The U.S. Supreme Court on Wednesday rejected an increasingly popular bankruptcy-court tactic, structured dismissals of bankruptcy cases by way of settlements that override payment priority rules.
The ruling came in the closely watched case of Jevic Transportation, a New Jersey trucking company that shut down suddenly, throwing thousands of drivers out of work, and filed for bankruptcy in 2008.
Jevic’s chapter 11 bankruptcy ran out of money and ended with a court-approved deal that meant some cash for junior creditors, but nothing for drivers that had priority claims.
Instead of a chapter 11 plan, Jevic wrapped up its affairs with a settlement and dismissed its bankruptcy case. A six-justice majority of the high court on Wednesday found that ran afoul of rules set out by Congress.
“Bankruptcy courts may not approve structured dismissals that provide for distributions that do not follow ordinary priority rules without the consent of affected creditors,” said Justice Stephen Breyer, writing for the majority.

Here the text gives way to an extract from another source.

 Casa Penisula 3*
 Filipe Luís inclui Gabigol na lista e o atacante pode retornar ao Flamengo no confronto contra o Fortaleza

Unpaid wages, taxes and other categories of debt have been given priority in bankruptcy by Congress, and are required to be paid before other debts. Jevic’s structured dismissal overran those rules, over the protests of the unpaid truckers.
Wednesday’s ruling overturned the Jevic dismissal, on the grounds that beleaguered companies cannot do in a settlement what they couldn’t do in chapter 11 or chapter 7, ignore the payment priority scheme set out by Congress.
As long as priority creditors don’t consent to the deal, such settlements can’t be approved, the high court said.
Jevic’s deal didn’t save the company as a business or promote the possibility a chapter 11 exit plan could be confirmed, a six-justice majority of the high court noted.